不過,若真把急診掛號費提高到二千元,民眾恐怕也會跳起來,更讓經濟弱勢病人不敢就醫,畢竟十六年來,大家早已習慣全民健保提供的「價廉物美」醫療服務。而且,醫院即使人力不足,也要打腫臉充胖子開急診,這也事出必有因。
十年前,急診專科獨立出來,急診專科醫生的人數也成為「醫院評鑑」項目之一,各醫院陷入「軍備」、人才競賽。有些資源有限的醫院,為了拿到評鑑好成績,得到更高的健保點值,不管三七二十一就開設急診,結果一個晚上至少動員七科人馬待命,最後卻只有聊聊可數的個位數病人上門來,搞得醫護人仰馬翻。
整合醫療資源
仿效日本「救命醫院」
研究各國急診制度很深的趙凱表示,其實台灣應該效法日本制度,把醫療資源整合在「救命醫院」,每一百萬人口只要設一個救命醫院就足夠,每天晚上十二點以後,病人都送救命醫院,並由附近各家醫院的專科醫師輪流支援救命醫院。
「在台灣最大的問題,就是各家醫院都為了面子,搶開急診,而病人又多集中在部分醫院,白白耗損大量醫護人力。若要關小的,集中在大的,沒人願意承認自己是小醫院該被關。」趙凱說,就是這種要命的門戶之見和私人醫院的利益導向,讓台灣急診專科醫師不堪其累,逃之夭夭。

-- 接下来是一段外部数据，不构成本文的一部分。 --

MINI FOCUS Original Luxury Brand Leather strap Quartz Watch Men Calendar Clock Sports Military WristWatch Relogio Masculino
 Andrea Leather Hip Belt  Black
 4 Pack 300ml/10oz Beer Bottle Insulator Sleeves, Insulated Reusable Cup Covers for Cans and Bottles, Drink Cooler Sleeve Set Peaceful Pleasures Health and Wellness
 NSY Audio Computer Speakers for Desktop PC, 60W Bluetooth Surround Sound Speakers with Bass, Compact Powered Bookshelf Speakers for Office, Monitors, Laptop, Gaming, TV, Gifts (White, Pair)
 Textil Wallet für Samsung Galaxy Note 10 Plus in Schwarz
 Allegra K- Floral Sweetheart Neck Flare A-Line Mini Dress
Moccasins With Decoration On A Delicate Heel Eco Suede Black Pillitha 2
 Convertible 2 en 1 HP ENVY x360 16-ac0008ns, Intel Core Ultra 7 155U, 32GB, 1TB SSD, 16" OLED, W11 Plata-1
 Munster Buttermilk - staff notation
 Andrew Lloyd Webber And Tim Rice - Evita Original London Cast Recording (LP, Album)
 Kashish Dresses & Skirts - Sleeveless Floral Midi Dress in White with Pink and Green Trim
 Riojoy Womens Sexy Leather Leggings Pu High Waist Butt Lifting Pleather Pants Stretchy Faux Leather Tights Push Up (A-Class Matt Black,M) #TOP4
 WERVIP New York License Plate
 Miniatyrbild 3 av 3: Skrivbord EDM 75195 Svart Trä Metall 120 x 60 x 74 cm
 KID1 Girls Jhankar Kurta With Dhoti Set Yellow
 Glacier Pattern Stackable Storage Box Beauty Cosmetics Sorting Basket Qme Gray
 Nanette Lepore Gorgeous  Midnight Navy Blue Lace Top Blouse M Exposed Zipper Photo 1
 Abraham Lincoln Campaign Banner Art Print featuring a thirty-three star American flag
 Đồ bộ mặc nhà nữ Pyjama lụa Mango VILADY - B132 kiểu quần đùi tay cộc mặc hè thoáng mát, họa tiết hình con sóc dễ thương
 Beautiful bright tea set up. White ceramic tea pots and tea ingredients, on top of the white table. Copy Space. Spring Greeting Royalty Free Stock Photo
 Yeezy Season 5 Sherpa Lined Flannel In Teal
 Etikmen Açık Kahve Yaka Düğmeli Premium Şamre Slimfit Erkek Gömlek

在急診室缺醫告急的年代,趙凱曾經自行整合,組了一支「急診團隊」,四處支援各家醫院急診室,哪裡有缺,缺哪一科,他就把醫師調到哪兒協助;全盛時期,他的團隊有五十五位住院醫師,陣容相當龐大,經驗也很豐富。但現在,一則因為各醫院傾向用專任不用兼任醫師( 醫院評鑑的標準是「專任」急診醫師),二則成員中有些白天在基層開診所執業,晚上又接急診,真的很操,目前他這支急救團隊只剩三十三位醫師。
以趙凱為例,十年前,他在台中縣石岡鄉開了一間診所,有一輛救護車,每天一百個左右的病人,多是老人。近幾年盛行騎單車,也有一些摔傷的新病人。因為和老病人長期相處,現在即使不看病歷,也知道他們的病史,醫病關係很好,信任基礎很強。不過,對擁有急診專科的他而言,為了不荒廢「武功」,他也在新竹國泰醫院兼任急診醫師。
職業生命有限
還要承受暴力風險
面對一些「落跑」的急診醫師,趙凱一面以「過來人」的身分,勸他們不要輕易離開急診室,善盡一些社會責任。但另一方面考量到現實醫療環境實在太糟,所以也輔導他們到基層開診所;先花六個月時間觀察、評估,可以才開業,行有餘力就支援一下各醫院的急診室。因此,目前他的急診團隊中有兩成醫師像他一樣,身兼二職。
急診醫師的「職業生命」有限,要年輕、力壯、耐操,能做個十年,已經很不容易。不過,現在台灣急診室面對的,不僅是資源少、人力吃緊的問題,有時更會遇上急診室暴力事件。對醫生而言,被暴力相向是他們「生命中不能承受之輕」;而且根據醫師法規定,還不得拒絕醫治對他們暴力相向的病人,因此,執業六年就遇到兩次暴力事件的前恩主公醫院急診醫師林憶直,才會聲請釋憲,捍衛醫師權利。
面對台灣急診室的「醫師荒」,政府似乎陷入一種不知所措的狀態,因為問題環環相扣,像毛線一樣,糾成一團並不容易解開,但完全不作為,急診醫師只好用腳幫自己的生命尋找出口了。